## [What is expected]
Your reply must contain the full listing below, reproduced exactly, but no pictures.

## [Data shown]

#####

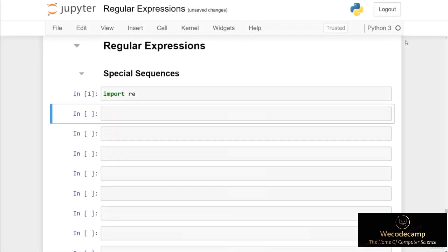In this video we're going to discuss special sequences. Special sequences do not actually match actual characters in the string, but what they do is tell the system to search for a specific location in the string when trying to match a specific pattern. So special sequences tell the regex expression where to look in the string.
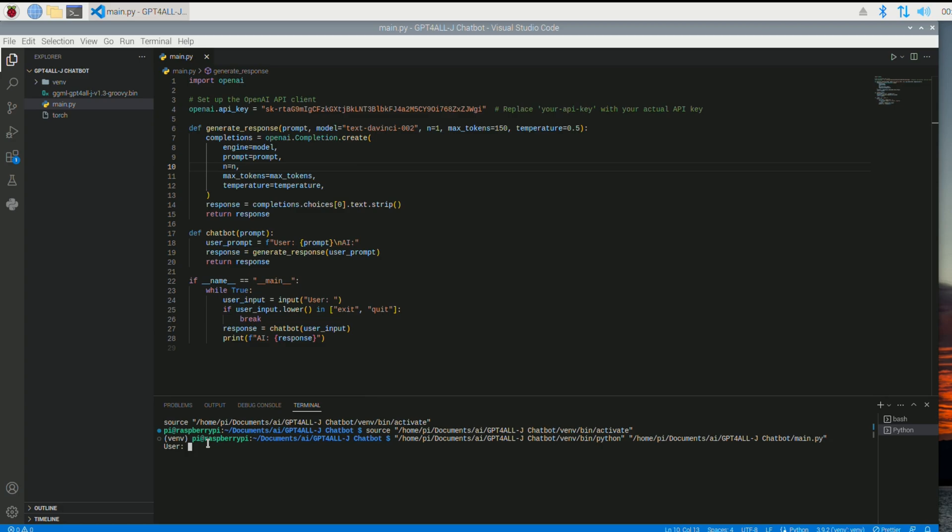Right down here, it's asking me for my input. I'm the user. Now it's asking me for the input. So I'm going to type something in. I'm going to type in hello. And I'm going to hit enter. Let's see what happens.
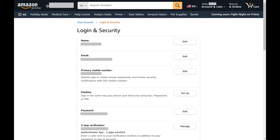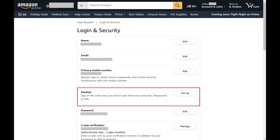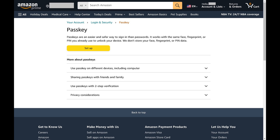The Login and Security screen is displayed. Step 4: Find the Passkey section, and then click Setup in that section. The Passkey screen is shown.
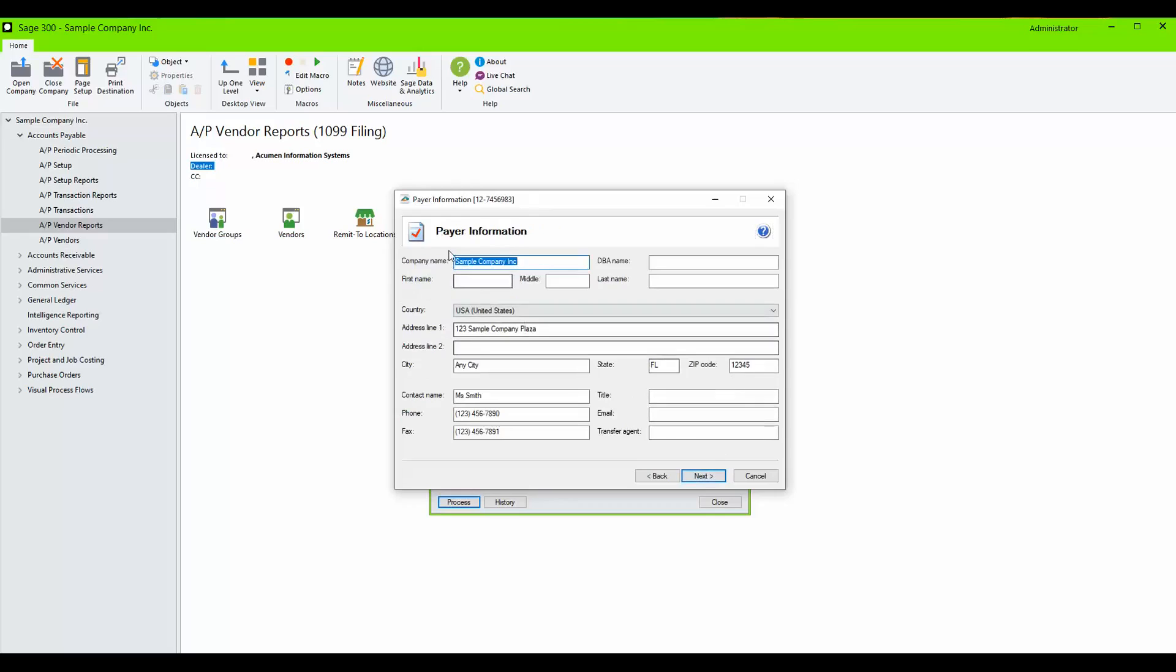Click Next. Confirm one more time your Payer information that was pulled from the initial configuration screen, and be sure to enter a valid email address as this field is validated and required.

#####

## [Solution]
In this video we're going to discuss special sequences. Special sequences do not actually match actual characters in the string, but what they do is tell the system to search for a specific location in the string when trying to match a specific pattern. So special sequences tell the regex expression where to look in the string.
Right down here, it's asking me for my input. I'm the user. Now it's asking me for the input. So I'm going to type something in. I'm going to type in hello. And I'm going to hit enter. Let's see what happens.
The Login and Security screen is displayed. Step 4: Find the Passkey section, and then click Setup in that section. The Passkey screen is shown.
Click Next. Confirm one more time your Payer information that was pulled from the initial configuration screen, and be sure to enter a valid email address as this field is validated and required.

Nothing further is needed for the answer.